DEER LAKE, Pa. — Keith Ernst never knew West Chester, Pa., moving contractor Ralph G. Smith, but he’s keeping his legacy alive at an old truck museum in West Brunswick Township, Pa.

Ernst is preserving Smith’s 1919 moving van — a Mack chassis with a body built by Belgrade Wagon Works in Philadelphia — in his collection of early trucks built in Pennsylvania.

A savvy entrepreneur, Smith had his glitzy moving van covered with advertisements, including messages that said he also hauled horses and moved pianos. The vintage van is just one of dozens of pre-World War II-era trucks in what Ernst calls his “tired truck restoration” collection.

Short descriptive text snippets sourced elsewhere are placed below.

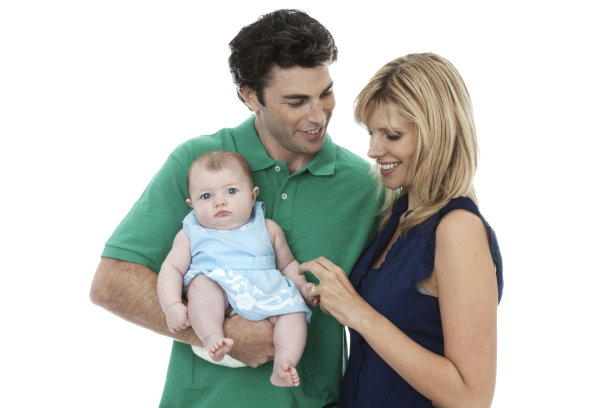 自豪的年轻父母与宝贝女儿图片下载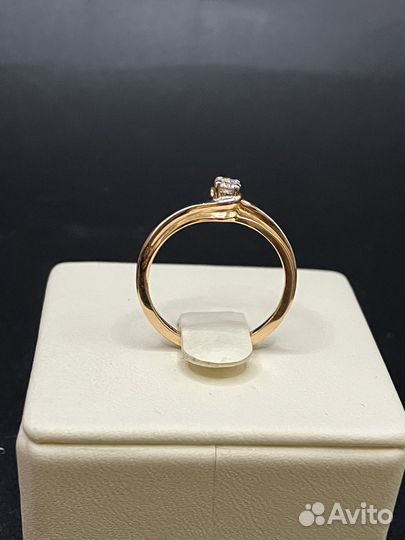 Золотое кольцо с бриллиантом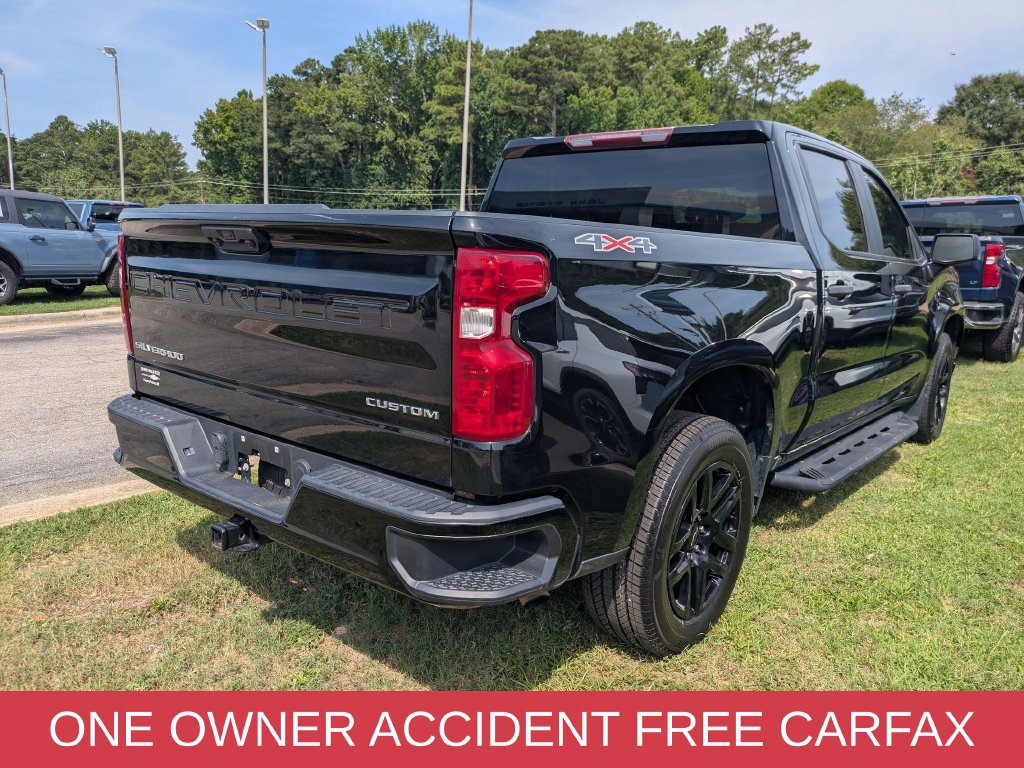 Used 2023 Chevrolet Silverado 1500 Custom AWD/4WD image 2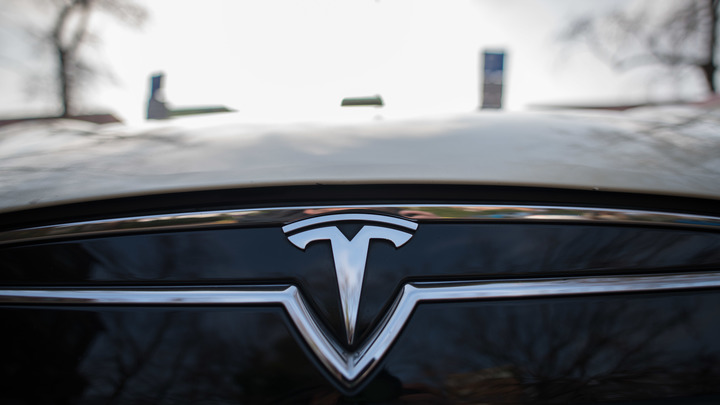 Маск украл идею оскандалившегося джипа Tesla у ФСБ России? В Сети показали два фото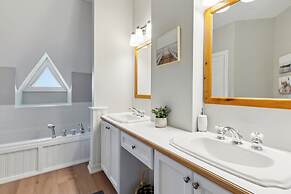 Historic Snowbridge Townhomes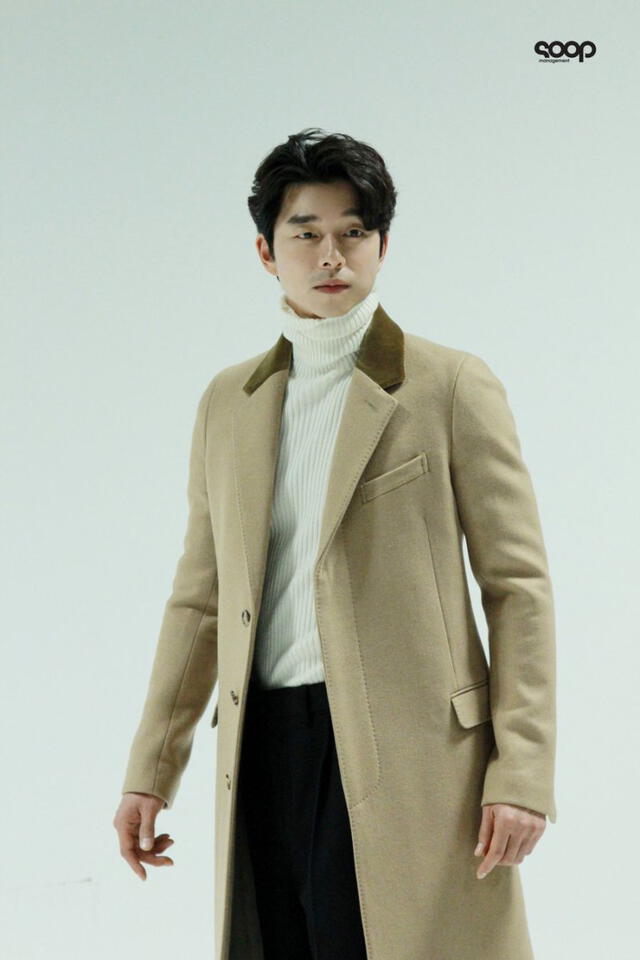 Goong Yoo viste un abrigo Alexander McQueen, valorizado en US$2,603.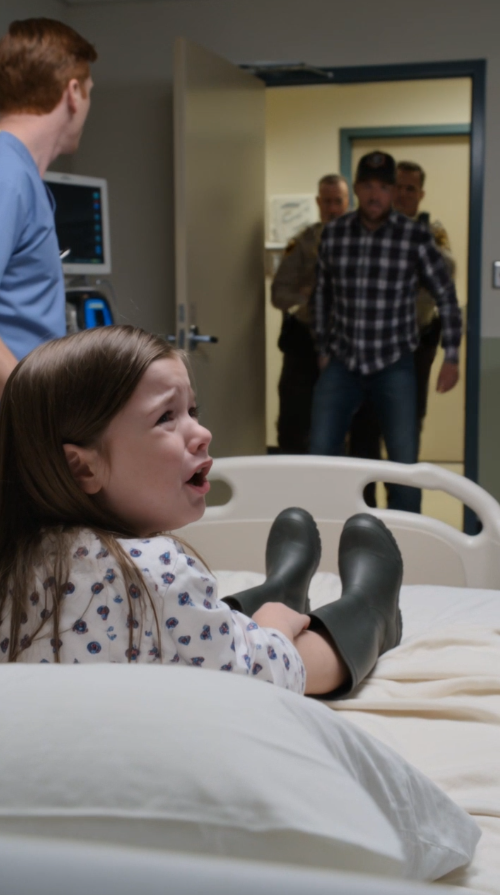 The trauma shears had barely touched Lily’s pink rain boot when the six-year-old erupted
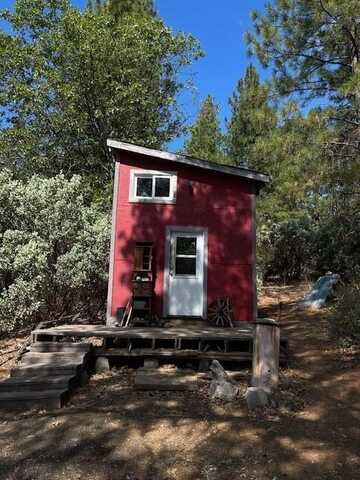 000 Madison Avenue, Oak Run, CA 96069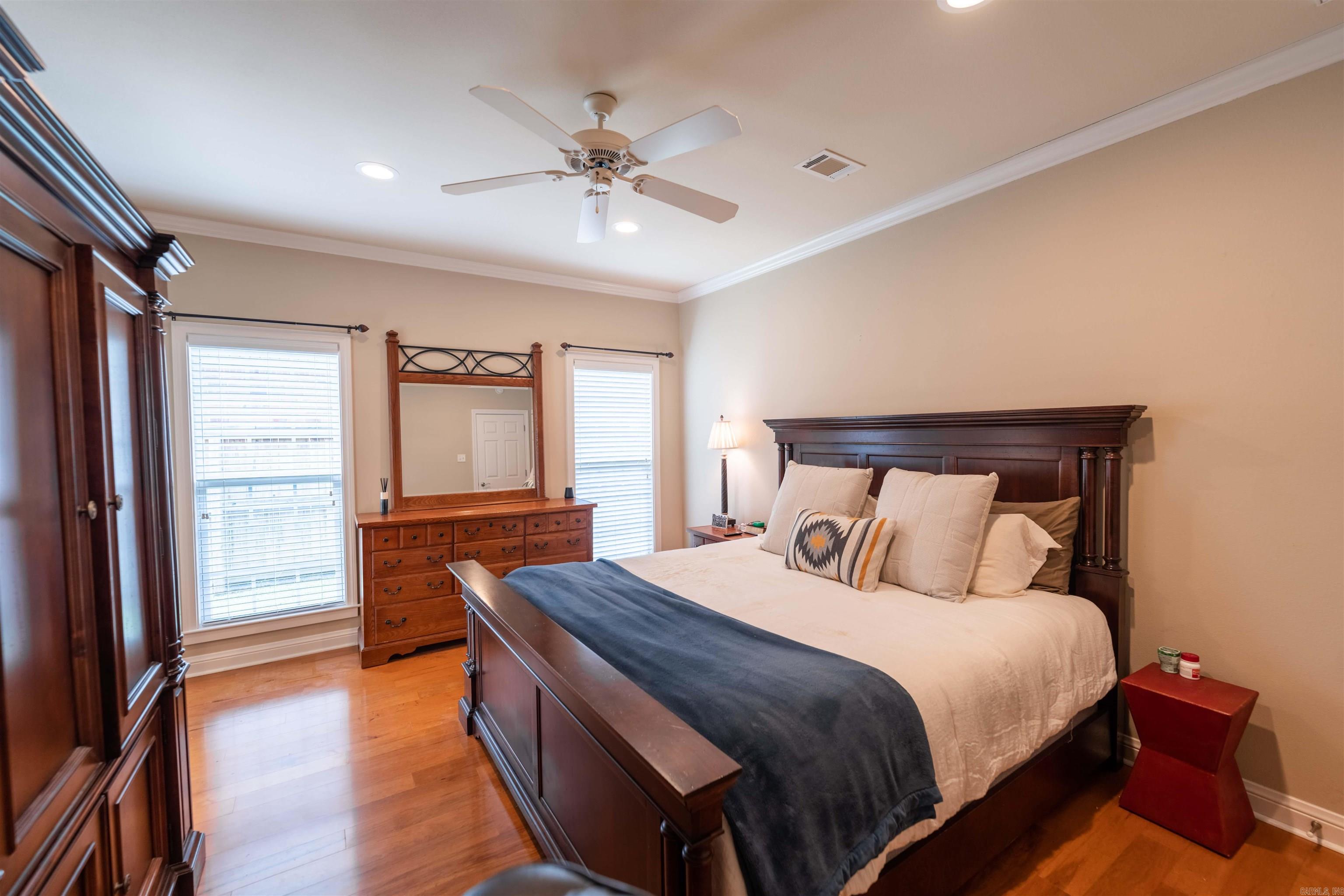 CLUB CREEK - Residential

He has lost track of exactly how many trucks are in the collection, but notes it takes up three warehouses and then some.

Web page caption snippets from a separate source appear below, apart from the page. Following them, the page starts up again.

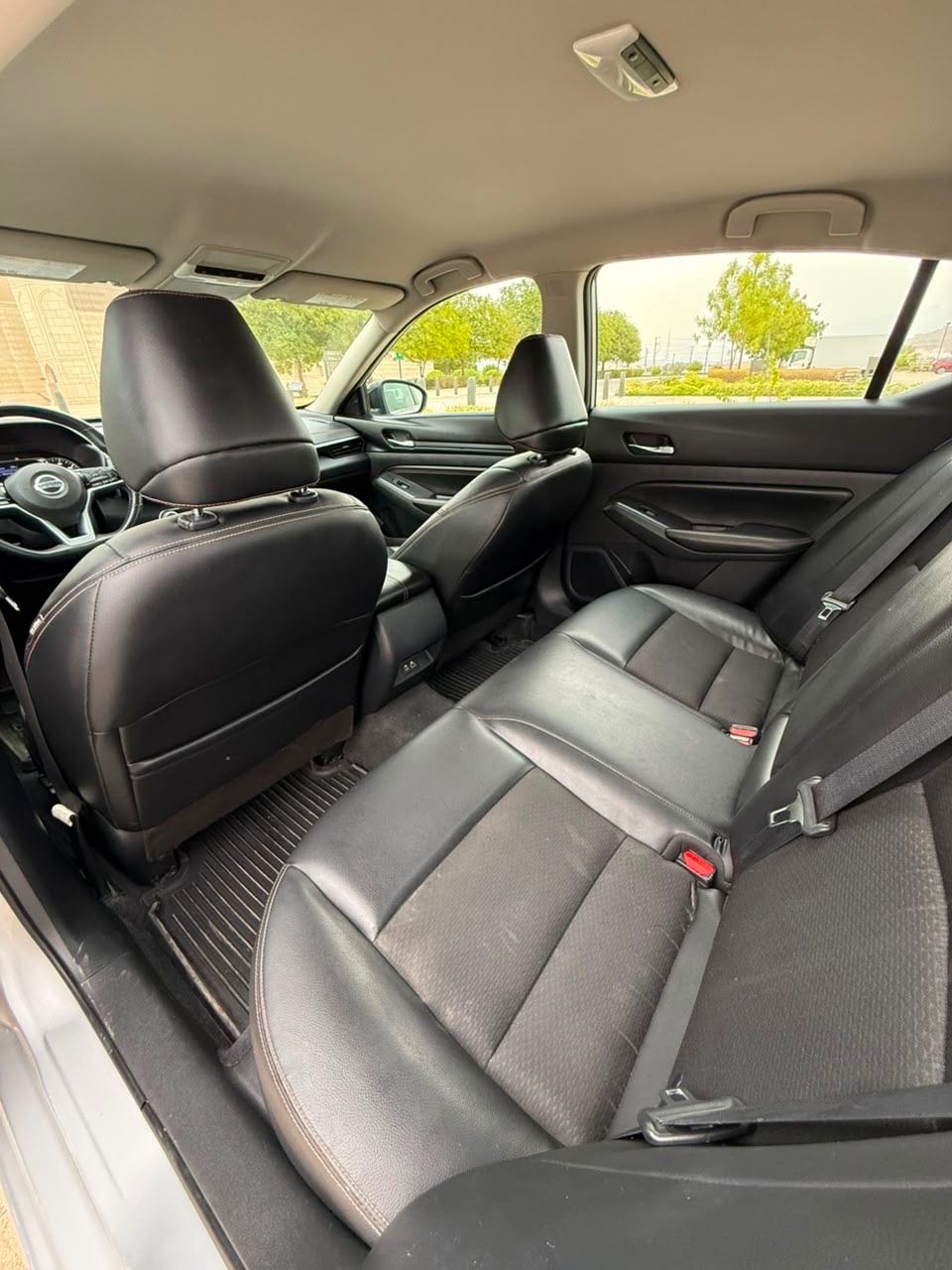 Car Image 2021 NISSAN ALTIMA SR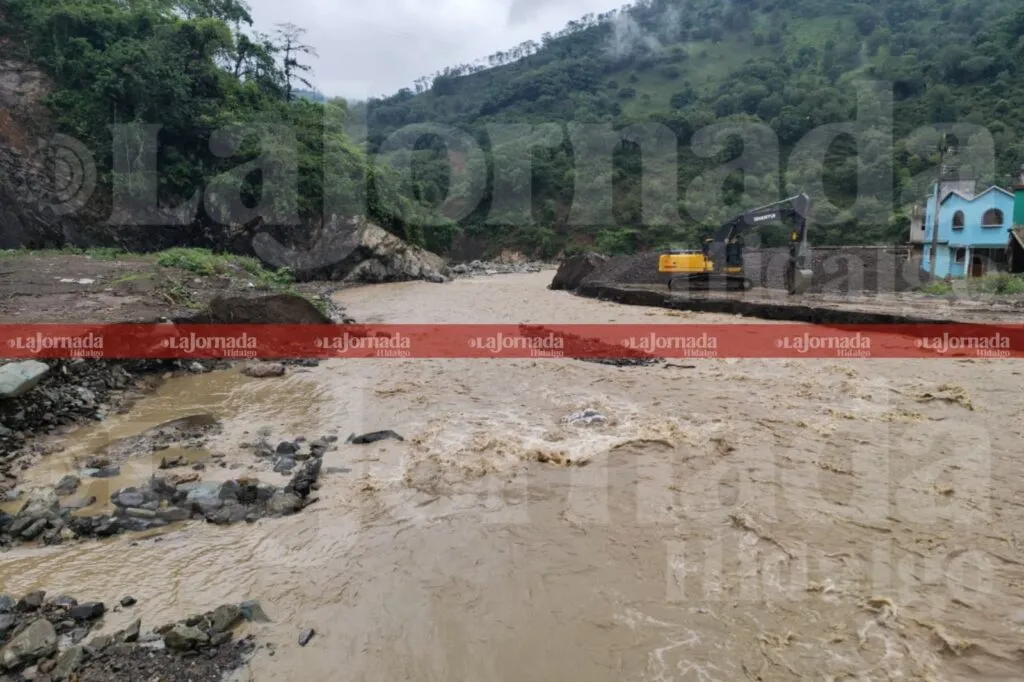 Habilitan refugios temporales en Tianguistengo ante riesgo por lluvias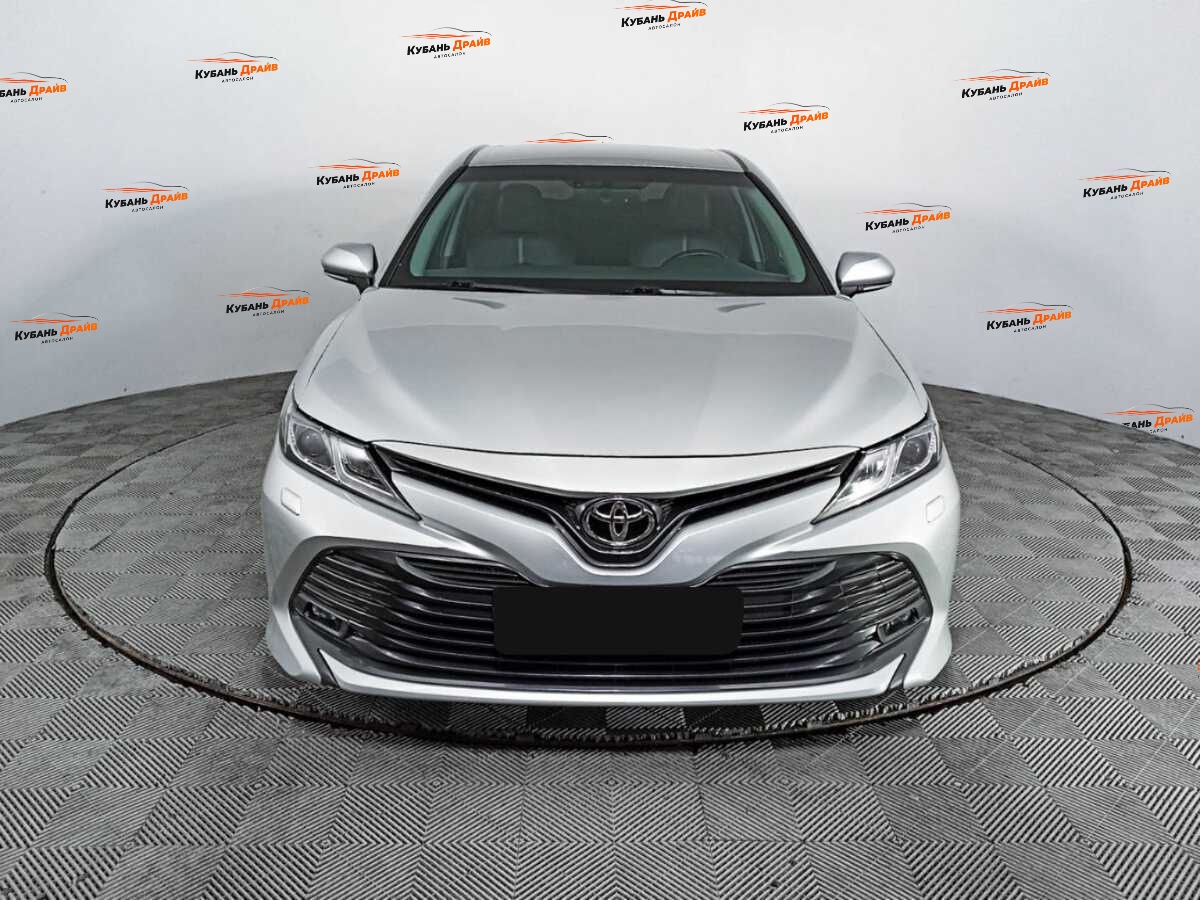Toyota Camry 2019 года с пробегом. Фото: #1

The public will have a rare chance to view Ernst’s collection, which is private, from 11 a.m. to 5 p.m. on Sept. 16. Tickets are available from the Orwigsburg Historical Society, which arranged the tour.

Jennifer Bowen, society president, said Ernst’s collection is a hidden gem.

“It’s amazing he’s been able to find these relics, sometimes in pieces and parts,” she said. “They were workhorses, not pleasure cars.”

Ernst, 69, grew up in a Deer Lake area trucking family. His father, J. Marlin Ernst, founded a trucking company when he was still a student at Auburn High School.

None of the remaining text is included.